Think Twice Before You Flush

As a homeowner, you might not give much thought to what you flush down your toilet. However, certain commonly flushed items can cause significant problems for your plumbing and the environment. While it may seem convenient to toss them into the toilet and flush them away, doing so can lead to clogs, sewer backups, and costly repairs. Let’s discuss some items that should never be flushed down your toilet, even if they’re labeled as “flushable.”

1. “Flushable” Wipes

Despite their name, “flushable” wipes are a leading cause of clogs in sewage systems. Unlike toilet paper, which dissolves quickly, these wipes do not break down easily after flushing. They can snag on any slight imperfection in your pipes, gradually leading to blockages.

2. Paper Towels and Tissues

Although they resemble toilet paper, paper towels and tissues are designed to be more durable and absorbent. This means they don’t disintegrate as easily in water. Flushing them can quickly lead to plumbing blockages and backups.

3. Dental Floss

It might seem harmless due to its small size, but dental floss is not biodegradable. When flushed, it can combine with other debris to form large clumps that obstruct pipes. Additionally, it can wrap around small clogs and make them larger, compounding the problem.

4. Cotton Balls and Swabs

Cotton balls and swabs don’t break down in water. When flushed, they gather in bends of the pipe, gradually building up and leading to clogs. This is especially true for cotton swabs, whose sticks can get lodged in pipes.

5. Medication

Flushing expired or unused medication might seem like a safe disposal method, but it’s harmful to the environment. Medications can leach into groundwater and affect local waterways, potentially harming wildlife and contaminating drinking water sources.

6. Cat Litter

Even if labeled as “flushable,” cat litter should never go down your toilet. It’s designed to clump and absorb moisture, which means it can easily clog your household plumbing. Moreover, cat feces can contain harmful parasites like Toxoplasma gondii, which can survive the water treatment process and pose risks to marine life.

7. Cooking Grease and Oil

When liquid, cooking grease and oil might seem flushable, but as they cool, they solidify and stick to the walls of your plumbing. Over time, they build up and restrict water flow, leading to serious blockages.

8. Condoms

Condoms are made from latex, which does not degrade in water. When flushed, they can inflate and block pipes, leading to embarrassing and costly plumbing issues.

9. Food

Bits of food might seem harmless, but they can contribute to clog formation, especially if combined with other non-flushable items like grease or paper products.

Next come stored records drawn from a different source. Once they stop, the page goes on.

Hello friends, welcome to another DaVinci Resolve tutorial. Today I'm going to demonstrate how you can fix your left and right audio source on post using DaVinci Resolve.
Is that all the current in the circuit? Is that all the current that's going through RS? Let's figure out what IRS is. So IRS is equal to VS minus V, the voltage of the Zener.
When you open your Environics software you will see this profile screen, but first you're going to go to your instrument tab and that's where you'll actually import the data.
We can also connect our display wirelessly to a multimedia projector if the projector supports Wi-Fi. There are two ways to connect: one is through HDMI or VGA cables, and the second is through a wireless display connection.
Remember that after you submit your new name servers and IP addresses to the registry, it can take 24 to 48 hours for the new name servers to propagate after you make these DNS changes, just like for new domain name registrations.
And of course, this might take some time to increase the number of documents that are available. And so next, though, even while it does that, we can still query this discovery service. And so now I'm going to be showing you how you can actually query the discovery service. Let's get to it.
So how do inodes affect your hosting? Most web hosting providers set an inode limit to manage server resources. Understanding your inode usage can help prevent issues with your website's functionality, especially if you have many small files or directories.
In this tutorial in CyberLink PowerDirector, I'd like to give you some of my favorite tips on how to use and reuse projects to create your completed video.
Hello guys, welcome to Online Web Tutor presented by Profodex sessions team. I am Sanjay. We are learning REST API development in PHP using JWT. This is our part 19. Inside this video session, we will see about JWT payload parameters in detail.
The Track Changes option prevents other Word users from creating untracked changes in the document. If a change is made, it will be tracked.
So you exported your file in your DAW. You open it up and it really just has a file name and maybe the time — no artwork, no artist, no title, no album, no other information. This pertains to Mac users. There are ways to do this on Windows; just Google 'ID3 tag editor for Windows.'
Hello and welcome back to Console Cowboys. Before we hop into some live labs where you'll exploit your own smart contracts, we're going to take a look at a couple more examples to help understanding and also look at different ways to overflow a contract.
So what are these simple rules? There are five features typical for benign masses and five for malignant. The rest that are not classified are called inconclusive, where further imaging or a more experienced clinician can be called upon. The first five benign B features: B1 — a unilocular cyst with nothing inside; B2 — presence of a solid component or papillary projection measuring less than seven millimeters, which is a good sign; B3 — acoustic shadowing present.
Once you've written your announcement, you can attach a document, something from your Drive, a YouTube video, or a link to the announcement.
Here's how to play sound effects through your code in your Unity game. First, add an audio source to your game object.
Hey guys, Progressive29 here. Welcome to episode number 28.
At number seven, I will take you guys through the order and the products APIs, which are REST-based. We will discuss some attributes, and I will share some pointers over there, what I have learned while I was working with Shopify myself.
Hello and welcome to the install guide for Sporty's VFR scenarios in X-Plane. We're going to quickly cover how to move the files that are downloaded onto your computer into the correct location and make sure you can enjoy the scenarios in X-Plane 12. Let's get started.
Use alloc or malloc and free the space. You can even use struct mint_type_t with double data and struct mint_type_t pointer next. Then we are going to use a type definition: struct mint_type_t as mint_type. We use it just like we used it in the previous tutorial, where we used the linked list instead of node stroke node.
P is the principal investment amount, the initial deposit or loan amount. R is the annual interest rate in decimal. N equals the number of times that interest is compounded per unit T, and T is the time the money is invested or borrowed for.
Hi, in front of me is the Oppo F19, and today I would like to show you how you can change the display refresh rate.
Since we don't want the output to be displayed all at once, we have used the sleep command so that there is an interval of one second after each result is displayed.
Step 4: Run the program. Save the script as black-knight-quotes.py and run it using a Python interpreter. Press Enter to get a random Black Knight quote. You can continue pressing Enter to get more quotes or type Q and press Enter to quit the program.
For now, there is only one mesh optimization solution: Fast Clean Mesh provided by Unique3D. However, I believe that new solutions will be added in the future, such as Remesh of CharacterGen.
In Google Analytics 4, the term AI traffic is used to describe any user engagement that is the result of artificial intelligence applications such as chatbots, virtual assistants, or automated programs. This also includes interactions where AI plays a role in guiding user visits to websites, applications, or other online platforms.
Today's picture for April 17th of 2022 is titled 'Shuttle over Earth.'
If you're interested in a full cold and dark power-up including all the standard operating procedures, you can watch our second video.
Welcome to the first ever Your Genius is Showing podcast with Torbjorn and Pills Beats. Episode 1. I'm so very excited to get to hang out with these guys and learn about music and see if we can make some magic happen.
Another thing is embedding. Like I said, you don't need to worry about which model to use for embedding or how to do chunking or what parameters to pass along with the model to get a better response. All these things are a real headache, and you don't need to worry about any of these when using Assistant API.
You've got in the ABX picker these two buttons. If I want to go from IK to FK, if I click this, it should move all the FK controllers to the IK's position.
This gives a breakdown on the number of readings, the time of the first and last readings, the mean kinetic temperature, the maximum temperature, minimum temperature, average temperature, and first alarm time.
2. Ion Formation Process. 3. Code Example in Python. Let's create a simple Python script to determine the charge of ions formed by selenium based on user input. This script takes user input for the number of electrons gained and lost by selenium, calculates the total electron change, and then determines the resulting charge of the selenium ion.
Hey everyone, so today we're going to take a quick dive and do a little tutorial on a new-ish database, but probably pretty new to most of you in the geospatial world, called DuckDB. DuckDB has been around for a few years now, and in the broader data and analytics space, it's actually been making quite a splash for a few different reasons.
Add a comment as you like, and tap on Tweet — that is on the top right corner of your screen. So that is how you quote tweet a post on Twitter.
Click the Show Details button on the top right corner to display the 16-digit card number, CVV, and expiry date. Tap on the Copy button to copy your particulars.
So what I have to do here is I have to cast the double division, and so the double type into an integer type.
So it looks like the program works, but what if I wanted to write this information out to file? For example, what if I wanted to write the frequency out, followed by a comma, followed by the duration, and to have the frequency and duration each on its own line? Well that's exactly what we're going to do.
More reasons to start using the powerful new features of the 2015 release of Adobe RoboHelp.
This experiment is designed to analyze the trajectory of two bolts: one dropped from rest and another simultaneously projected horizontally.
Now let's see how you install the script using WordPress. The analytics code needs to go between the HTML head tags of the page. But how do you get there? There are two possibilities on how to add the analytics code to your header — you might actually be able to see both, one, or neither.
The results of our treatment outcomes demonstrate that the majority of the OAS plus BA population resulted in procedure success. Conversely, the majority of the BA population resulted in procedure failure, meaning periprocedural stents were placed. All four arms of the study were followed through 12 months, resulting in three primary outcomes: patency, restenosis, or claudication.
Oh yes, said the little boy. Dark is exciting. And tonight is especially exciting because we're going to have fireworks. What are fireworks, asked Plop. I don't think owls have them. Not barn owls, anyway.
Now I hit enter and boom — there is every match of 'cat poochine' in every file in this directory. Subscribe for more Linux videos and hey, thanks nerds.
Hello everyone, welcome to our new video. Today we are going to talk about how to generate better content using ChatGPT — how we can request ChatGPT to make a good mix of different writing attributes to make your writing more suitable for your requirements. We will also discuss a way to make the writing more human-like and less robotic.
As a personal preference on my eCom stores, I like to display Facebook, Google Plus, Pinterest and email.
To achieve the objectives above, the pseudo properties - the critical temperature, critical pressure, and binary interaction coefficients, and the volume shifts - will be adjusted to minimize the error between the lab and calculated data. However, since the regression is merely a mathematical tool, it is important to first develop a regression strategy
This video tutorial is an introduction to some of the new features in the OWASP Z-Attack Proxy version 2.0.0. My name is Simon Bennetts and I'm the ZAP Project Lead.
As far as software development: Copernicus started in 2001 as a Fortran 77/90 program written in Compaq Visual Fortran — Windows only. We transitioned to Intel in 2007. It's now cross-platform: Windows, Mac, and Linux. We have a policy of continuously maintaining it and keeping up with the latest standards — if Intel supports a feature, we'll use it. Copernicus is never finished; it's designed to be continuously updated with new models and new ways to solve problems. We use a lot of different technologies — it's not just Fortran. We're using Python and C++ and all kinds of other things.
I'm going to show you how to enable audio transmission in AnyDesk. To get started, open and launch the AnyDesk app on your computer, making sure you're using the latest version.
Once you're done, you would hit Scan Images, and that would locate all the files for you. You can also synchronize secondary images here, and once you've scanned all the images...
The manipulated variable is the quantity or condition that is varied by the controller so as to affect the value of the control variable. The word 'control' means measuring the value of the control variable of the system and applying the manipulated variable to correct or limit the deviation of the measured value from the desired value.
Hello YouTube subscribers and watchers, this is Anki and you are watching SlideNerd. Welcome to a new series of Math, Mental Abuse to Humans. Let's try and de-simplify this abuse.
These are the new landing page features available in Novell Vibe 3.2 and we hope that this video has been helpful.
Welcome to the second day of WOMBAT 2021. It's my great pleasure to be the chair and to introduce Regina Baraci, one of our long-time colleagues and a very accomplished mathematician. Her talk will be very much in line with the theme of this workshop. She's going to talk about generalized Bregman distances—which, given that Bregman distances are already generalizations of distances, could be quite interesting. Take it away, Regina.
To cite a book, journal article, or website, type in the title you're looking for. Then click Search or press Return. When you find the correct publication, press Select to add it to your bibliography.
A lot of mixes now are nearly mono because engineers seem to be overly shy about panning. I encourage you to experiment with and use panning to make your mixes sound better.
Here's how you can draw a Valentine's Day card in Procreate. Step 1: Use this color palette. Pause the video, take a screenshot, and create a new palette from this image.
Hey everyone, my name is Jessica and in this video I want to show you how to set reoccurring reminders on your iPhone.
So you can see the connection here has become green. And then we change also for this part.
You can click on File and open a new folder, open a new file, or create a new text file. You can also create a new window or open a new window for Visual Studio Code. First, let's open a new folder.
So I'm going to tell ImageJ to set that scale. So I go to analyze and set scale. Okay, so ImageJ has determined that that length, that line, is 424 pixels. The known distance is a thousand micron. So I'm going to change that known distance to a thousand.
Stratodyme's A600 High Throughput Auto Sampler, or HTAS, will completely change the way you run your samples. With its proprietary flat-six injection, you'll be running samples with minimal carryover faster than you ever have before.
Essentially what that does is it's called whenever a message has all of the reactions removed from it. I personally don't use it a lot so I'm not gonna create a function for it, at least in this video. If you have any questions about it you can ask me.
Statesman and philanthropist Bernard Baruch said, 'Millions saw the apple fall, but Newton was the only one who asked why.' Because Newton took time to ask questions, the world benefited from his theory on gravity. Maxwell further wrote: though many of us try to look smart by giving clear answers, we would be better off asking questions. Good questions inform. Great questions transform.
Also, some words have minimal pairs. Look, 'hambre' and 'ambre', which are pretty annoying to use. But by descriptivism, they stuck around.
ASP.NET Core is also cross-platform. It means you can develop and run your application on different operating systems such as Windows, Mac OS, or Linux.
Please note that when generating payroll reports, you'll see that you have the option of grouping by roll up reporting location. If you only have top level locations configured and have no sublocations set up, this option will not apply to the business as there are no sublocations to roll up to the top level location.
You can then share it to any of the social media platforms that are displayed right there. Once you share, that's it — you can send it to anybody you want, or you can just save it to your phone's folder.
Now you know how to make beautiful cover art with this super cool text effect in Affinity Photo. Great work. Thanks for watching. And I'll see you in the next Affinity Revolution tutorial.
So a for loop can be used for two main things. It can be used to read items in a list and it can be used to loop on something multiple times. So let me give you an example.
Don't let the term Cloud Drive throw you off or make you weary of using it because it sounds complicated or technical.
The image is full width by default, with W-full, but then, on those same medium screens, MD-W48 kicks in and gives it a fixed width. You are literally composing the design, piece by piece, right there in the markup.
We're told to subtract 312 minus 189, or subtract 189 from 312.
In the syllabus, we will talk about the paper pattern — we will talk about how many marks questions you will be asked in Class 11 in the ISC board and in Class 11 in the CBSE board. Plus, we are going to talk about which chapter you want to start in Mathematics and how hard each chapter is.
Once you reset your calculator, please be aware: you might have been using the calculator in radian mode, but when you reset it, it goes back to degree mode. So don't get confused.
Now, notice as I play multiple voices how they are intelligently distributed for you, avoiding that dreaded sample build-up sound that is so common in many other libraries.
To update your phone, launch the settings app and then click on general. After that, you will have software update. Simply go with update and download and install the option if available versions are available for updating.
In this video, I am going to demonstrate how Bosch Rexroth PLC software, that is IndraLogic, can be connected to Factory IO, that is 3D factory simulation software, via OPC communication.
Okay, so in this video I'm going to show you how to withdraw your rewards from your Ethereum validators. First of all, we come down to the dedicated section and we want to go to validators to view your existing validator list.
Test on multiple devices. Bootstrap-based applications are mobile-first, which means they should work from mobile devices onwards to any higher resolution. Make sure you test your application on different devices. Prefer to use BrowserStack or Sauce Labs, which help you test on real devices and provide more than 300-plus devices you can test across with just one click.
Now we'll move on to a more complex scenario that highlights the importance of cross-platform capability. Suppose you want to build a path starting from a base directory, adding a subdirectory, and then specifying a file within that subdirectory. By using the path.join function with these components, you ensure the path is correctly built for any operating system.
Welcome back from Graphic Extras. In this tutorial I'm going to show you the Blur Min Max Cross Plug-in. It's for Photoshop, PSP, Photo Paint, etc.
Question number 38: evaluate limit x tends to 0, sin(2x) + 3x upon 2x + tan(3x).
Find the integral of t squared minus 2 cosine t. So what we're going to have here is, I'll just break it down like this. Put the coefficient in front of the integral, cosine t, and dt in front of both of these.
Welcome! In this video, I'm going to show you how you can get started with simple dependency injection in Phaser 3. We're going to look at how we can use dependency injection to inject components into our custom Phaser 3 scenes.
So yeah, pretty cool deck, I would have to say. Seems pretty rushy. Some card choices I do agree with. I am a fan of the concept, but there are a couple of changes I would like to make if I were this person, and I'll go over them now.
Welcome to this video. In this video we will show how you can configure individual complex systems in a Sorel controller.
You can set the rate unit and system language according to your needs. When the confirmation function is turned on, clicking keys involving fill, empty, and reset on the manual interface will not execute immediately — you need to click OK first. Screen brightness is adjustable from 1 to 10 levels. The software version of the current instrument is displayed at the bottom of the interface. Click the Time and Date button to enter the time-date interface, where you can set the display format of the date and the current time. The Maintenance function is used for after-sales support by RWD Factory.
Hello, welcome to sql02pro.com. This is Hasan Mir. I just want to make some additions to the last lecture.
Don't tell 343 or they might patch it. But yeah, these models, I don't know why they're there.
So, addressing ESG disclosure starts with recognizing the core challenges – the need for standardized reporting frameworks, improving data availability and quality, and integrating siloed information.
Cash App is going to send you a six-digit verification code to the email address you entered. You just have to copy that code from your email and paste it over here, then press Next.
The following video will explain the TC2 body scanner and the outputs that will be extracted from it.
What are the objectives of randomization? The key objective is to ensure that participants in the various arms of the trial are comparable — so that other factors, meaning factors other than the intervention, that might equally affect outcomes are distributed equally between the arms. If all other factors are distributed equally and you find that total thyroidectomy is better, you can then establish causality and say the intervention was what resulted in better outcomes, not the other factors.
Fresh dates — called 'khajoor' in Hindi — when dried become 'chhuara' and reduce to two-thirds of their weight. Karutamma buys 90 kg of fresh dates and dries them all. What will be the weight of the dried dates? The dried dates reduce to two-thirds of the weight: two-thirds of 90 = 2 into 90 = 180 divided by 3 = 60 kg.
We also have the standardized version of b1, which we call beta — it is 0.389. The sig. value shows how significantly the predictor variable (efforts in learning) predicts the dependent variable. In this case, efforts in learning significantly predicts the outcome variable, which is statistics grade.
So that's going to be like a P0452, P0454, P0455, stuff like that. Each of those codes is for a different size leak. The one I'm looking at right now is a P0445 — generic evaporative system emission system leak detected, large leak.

Protect your plumbing and the environment by keeping these items out of your toilet. Remember, the toilet is not a garbage can. The only things that should be flushed are the “Three P’s”: pee, poo, and (toilet) paper. For everything else, consider alternative disposal methods like trash bins, recycling, or appropriate community disposal programs. This not only helps maintain your home’s plumbing but also supports environmental conservation efforts.